The landing was part of a U.S. Army-Europe-led military training exercise, Saber Strike 16, which involves 13 countries training throughout Estonia, Latvia and Lithuania. According to U.S. Air Force Europe, the goal of the exercise is to ensure that NATO and its partners “are ready for and capable of dealing with any contingency.”
Last week, NATO announced that the alliance would deploy four multinational battalions, consisting of about 1,000 troops each, to Estonia, Latvia, Lithuania and Poland. NATO jets also help secure Estonian airspace through the Baltic Air Policing operation.
NATO’s easternmost members, including Poland and the Baltic states, have long sought an increased presence of NATO troops in their respective countries, a request driven in part by Russia’s 2014 military intervention and annexation of Crimea and continued backing of separatists in eastern Ukraine.
Russia is also planning on deploying advanced nuclear-capable missiles in its European enclave of Kaliningrad by 2019, according to Reuters.
And the commander of U.S. Army Europe, Lt. Gen. Ben Hodges, was quoted teling the German news weekly Die Zeit Wednesday that “Russia could take over the Baltic states faster than we would be able to defend them.”
In February, the U.S. Department of Defense announced it was spending $3.4 billion for thed European Reassurance Initiative in an effort to deter Russian aggression against NATO allies.
The A-10s’ role in reinforcing NATO’s eastern flank comes as questions linger over the future of the close air support attack jet. The ones that arrived in Estonia on Monday came from the Michigan Air National Guard.
The Air Force had originally planned for its version of the F-35 Joint Strike Fighter to replace the A-10. But Secretary of Defense Ash Carter said in February that the A-10 had “been devastating” ISIS and that the next budget would extend its operational life by deferring the plane’s retirement until 2022, at which point it would be replaced by the F-35.
But in recent months, Air Force leaders have openly discussed replacing the A-10 with a new jet dedicated to the close air support mission.

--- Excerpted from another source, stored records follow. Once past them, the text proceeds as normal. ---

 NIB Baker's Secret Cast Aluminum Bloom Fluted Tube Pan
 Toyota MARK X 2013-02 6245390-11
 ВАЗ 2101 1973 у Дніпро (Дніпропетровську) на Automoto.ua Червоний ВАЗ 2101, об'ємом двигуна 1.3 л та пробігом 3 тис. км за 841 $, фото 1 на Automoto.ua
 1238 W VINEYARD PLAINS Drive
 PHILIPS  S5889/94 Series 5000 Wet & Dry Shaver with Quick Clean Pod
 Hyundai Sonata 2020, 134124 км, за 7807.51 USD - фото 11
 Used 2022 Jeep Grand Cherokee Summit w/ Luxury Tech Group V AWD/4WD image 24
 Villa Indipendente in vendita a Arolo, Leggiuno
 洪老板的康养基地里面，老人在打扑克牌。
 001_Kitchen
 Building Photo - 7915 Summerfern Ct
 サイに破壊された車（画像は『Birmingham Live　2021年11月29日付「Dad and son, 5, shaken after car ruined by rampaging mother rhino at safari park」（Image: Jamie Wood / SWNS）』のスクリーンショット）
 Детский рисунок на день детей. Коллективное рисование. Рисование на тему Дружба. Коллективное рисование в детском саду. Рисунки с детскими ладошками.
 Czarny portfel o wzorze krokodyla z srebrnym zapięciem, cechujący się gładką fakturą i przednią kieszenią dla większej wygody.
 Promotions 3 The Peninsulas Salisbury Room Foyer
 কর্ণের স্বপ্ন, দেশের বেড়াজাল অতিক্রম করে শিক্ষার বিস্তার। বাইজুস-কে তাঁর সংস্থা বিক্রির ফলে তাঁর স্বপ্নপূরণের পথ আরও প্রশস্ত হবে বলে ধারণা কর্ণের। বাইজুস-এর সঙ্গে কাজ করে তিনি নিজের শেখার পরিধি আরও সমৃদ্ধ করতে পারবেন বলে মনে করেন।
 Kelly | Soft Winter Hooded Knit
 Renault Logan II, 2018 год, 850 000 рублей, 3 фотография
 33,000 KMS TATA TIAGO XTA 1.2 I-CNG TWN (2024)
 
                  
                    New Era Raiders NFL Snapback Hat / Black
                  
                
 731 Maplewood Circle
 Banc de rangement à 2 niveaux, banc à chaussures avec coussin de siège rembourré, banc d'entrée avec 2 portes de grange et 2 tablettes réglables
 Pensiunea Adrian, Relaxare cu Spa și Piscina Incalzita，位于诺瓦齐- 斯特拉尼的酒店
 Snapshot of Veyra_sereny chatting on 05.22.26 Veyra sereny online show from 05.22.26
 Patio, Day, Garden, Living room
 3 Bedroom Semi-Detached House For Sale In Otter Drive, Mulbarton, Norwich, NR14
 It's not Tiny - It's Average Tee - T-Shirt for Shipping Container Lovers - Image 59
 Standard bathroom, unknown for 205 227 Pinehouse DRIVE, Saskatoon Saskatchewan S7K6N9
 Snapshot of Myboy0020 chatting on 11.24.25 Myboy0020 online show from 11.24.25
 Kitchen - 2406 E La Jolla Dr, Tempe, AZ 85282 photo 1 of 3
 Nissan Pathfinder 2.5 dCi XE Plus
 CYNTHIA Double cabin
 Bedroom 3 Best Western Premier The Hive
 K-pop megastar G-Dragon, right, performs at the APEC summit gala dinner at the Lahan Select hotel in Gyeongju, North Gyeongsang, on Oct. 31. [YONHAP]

Army Chief of Staff Gen. Mark Milley said Thursday that he did not care which plane was chosen as long as it did the job adequately.
“As a soldier and a guy who’s been in my share of firefights, the only thing I care about is the effect on the target. I don’t give a rat’s ass what platform brings it in. I could care less if it’s a B-52, if it’s a B-1 bomber, if it’s an F-16, an F-15, an A-10. I don’t care if the thing is delivered by carrier pigeon. I want the enemy taken care of,” Milley told an audience at the Center for Strategic and International Studies in Washington.
Unlike the multi-role F-35, the A-10 is the only airplane in the Air Force specifically designed for close air support.
The A-10 has seen combat in Iraq, Afghanistan and most recently in Syria, where it was able to target enemy forces up close without risking friendly fire casualties because the pilots are flying slow enough to visually distinguish between enemy and friendly forces.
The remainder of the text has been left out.